(Input data):
--------------------------------------------------

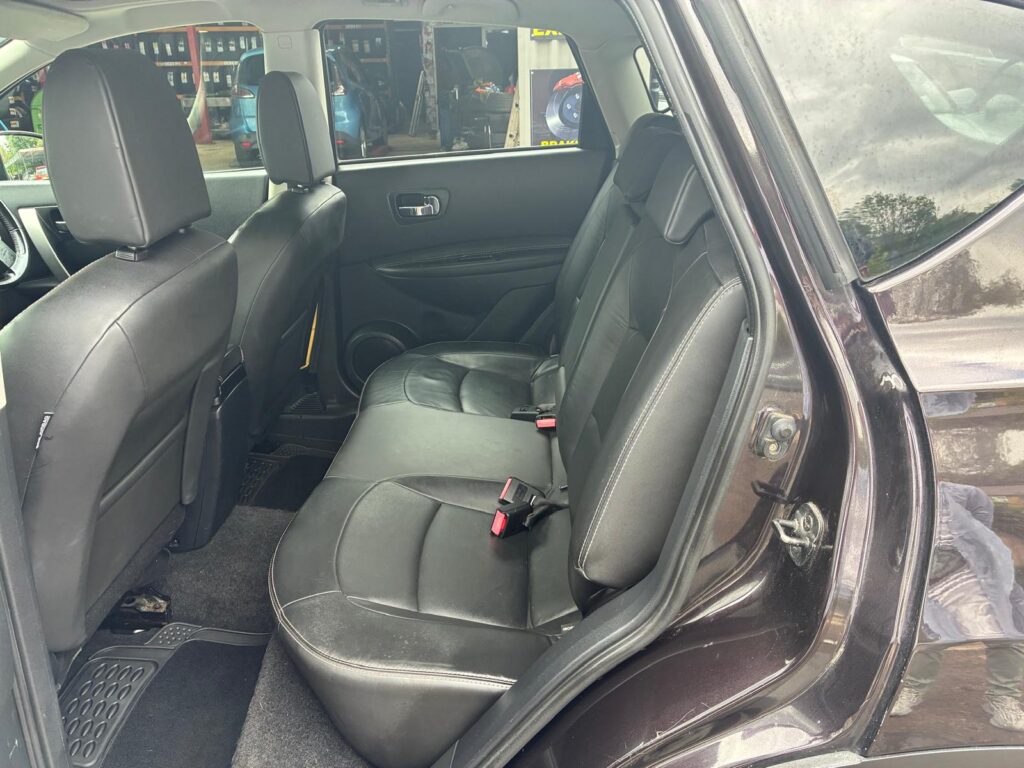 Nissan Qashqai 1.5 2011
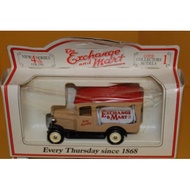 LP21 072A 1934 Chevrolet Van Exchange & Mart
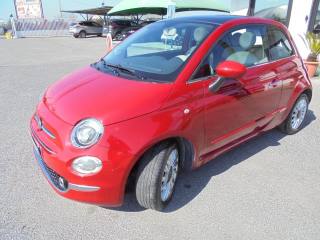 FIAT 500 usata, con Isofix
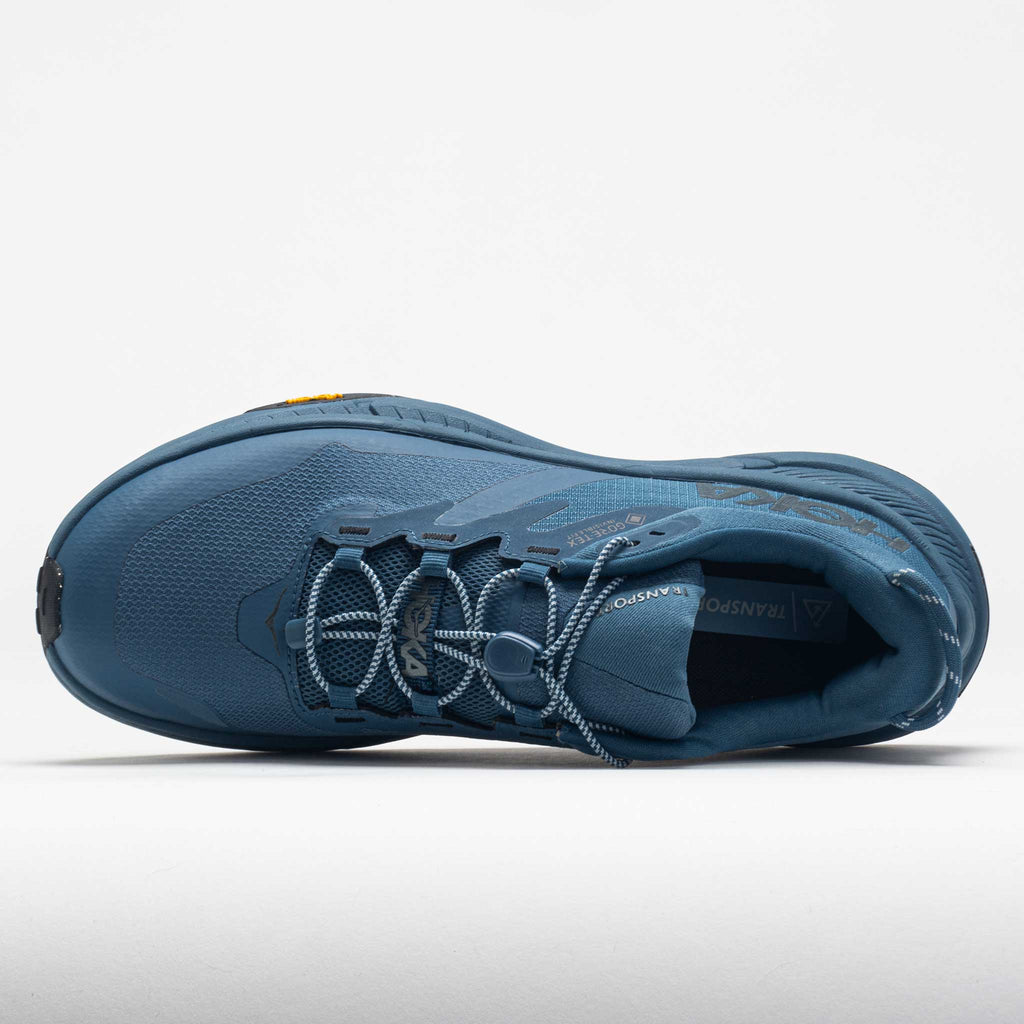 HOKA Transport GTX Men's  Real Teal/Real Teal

--------------------------------------------------

(Aim of the exercise):
When copying the listing, print each line exactly but leave out every picture.

(Your response):
 Nissan Qashqai 1.5 2011
 LP21 072A 1934 Chevrolet Van Exchange & Mart
 FIAT 500 usata, con Isofix
 HOKA Transport GTX Men's  Real Teal/Real Teal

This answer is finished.